2nd UK poisoning suspect identified as ‘Russian doctor’
LONDON: Investigative group Bellingcat has identified the second suspect in the poisoning of former Russian spy Sergei Skripal as a doctor employed by Moscow’s GRU military intelligence service.
The Kremlin has rejected past charges about its involvement in the case as fabrications aimed at discrediting Russia. Yet analysts will read Bellingcat’s latest publication for more clues into the alleged workings of a Russian spy agency at the centre of several international disputes.
“We have now identified ‘Alexander Petrov’ to be in fact Dr.
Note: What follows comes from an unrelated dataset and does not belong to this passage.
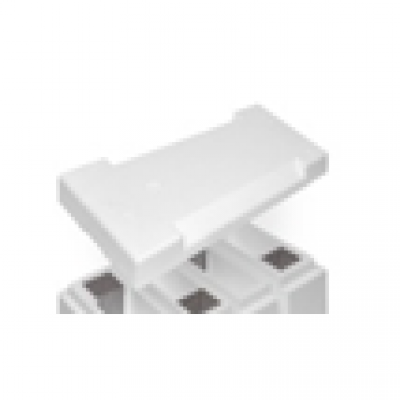 COPERCHIO QUADRI HIVE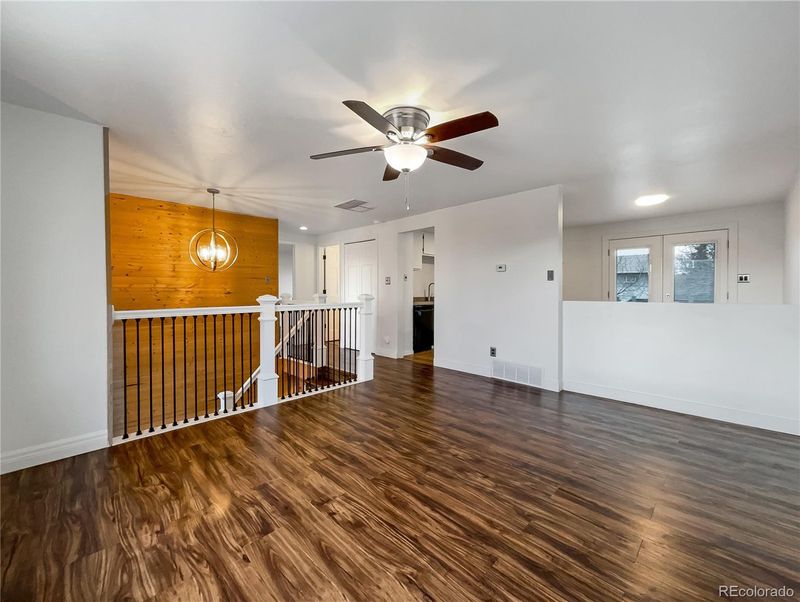 1500 Sanchez Ct, Platteville, CO 80651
Alexander Yevgenyevich Mishkin, a trained military doctor in the employ of the GRU,” the British-based group said in a report published on its website on Monday.
Skripal and his daughter Yulia were poisoned by a Sovietdesigned chemical agent called Novichok in the English town of Salisbury in March.
Britain accuses the Russian government of trying to kill Skripal in retribution for his ongoing work with European intelligence agencies.
Russia says Britain has no proof.
The Skripal case and last week’s revelations that the GRU also allegedly tried to hack into the world’s chemical weapons watchdog in the Netherlands have further tattered Moscow’s strained ties with the West.
Bellingcat became a thorn in the Kremlin’s side by detailing its alleged crimes during the wars in Syria and Ukraine.
It worked with the Russian investigative team at The Insider to name the first of the two Skripal suspects as GRU agent Anatoly Chepiga last month.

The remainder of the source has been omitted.